Chris Hall doesn't look like he's going to kill himself--or anyone else, for that matter. A polite soul with a baby face, he has a faint lisp when he speaks, and seems younger than his 27 years, much like everyone in his rock band, Signal & Report. ("Clean living," they explain.) But when he steps to the microphone, kicking the effects pedal on his guitar, something else rises out of him. He's like a puppy in the spotlight, casting a dragon's shadow.

The spectacle is both classic and comic: Neatly dressed Electric Fetus cashier by day morphs into a spitting, snarling, abusive monster by night. In the band's meat-locker-like practice space in Northeast Minneapolis, I hear Hall's gruff, demanding voice echo and realize how many perfectly normal kids Joy Division's Ian Curtis has liberated--and I don't mean by killing himself. The most famous suicide in punk was also the first icon to give sad kids permission to be sad in public--to make sadness a life force as relentless and irresistible as anger or joy.

Signal & Report, who play Wednesday July 2 at the Turf Club, turn their own bad mood into something propulsive. Christian Herro swoons over his blaring Roland synthesizer, and bassist Noah Miller locks into the bass drum pulse of Mike Cain--who first discovered the others in this same room two years ago, while taking a break from practicing with another band. After standing outside the door for a few minutes and listening to Signal and Report's haunting drone, Cain walked in and suggested he could do better than their drum machine.

He must have been right: The music pulls you in like a trap door in a basement. But it's songwriting that keeps you there. Over an urgent beat, Hall barks the words to "Control":

"I need control back in my life,
I need control of you
I need control to make things right,
So you get your due..."

What strikes me about the song, from the band's cool debut CD, No New Rome to Burn (Augustus Records), is how it dares to say something straightforward. "I need control back in my life" is about as vague and emo-artful as telling your lover, "Pick up some eggs on your way over." And the metaphor Hall employs next similarly works without laboring: "When you talk, every word that's been said/Seeps deep through the cracks in the wall built around my head."

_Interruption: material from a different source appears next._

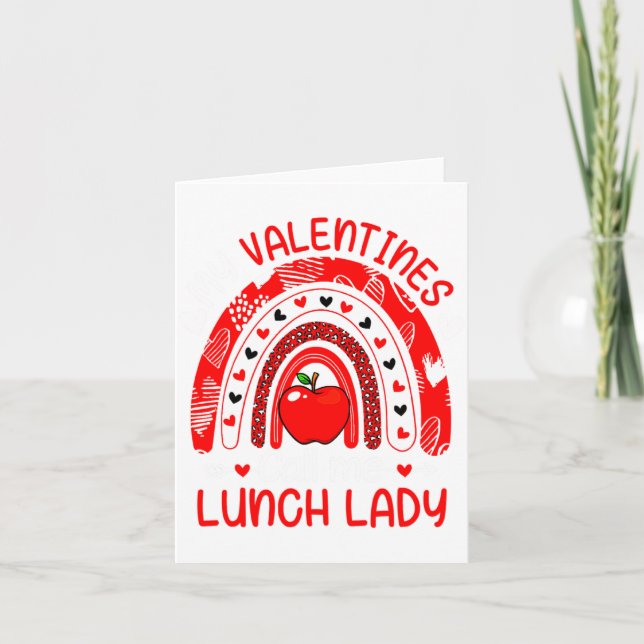 My Valentines Call Me Lunch Lady Rainbow Valentine Card (Front)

Only the closing line betrays Hall's weakness for the literary. At first "For the love of God, Montresor!" sounds like "For the love of God, undress her!" until I reread the lyric sheet and reach for Google: Turns out the line is from Edgar Allen Poe's "The Cask of Amontillado"--the last words of a man who is literally walled in to die. That's a hell of a way to ask for more space in a relationship--and a pretentious one to boot. But as Morrissey fans know, one phrase isn't enough to throw you out of a song. Miller later confesses that he has loved Hall's lyrics for years without always exactly understanding what they mean. And Miller sings some of those words with Hall.

"So what do your girlfriends think of the songs?" I ask the musicians after practice, as all four settle into a booth at the nearby bar Mayslack's for cokes and ice teas (none of the band members drinks).

"There's a loaded question," laughs Miller. "Let's talk about Interpol."

He's joking, of course: The question of how Signal and Report compare themselves to the most popular band currently reviving British post-punk has dogged them from the start, and I barely bring it up before the musicians beat it down like a gopher. They hadn't even heard the "I word" when they entered Sacred Heart studios in Duluth to begin work on No New Rome to Burn. And their lyrics set the band apart from their New York contemporaries: When Hall sings "My heart sets with the glow of a red twilight," he means his heart is sinking, and he's saying it in a poetic way. When Interpol's Paul Banks sings "Saturn makes your mind break into pieces," he's being decoratively meaningless.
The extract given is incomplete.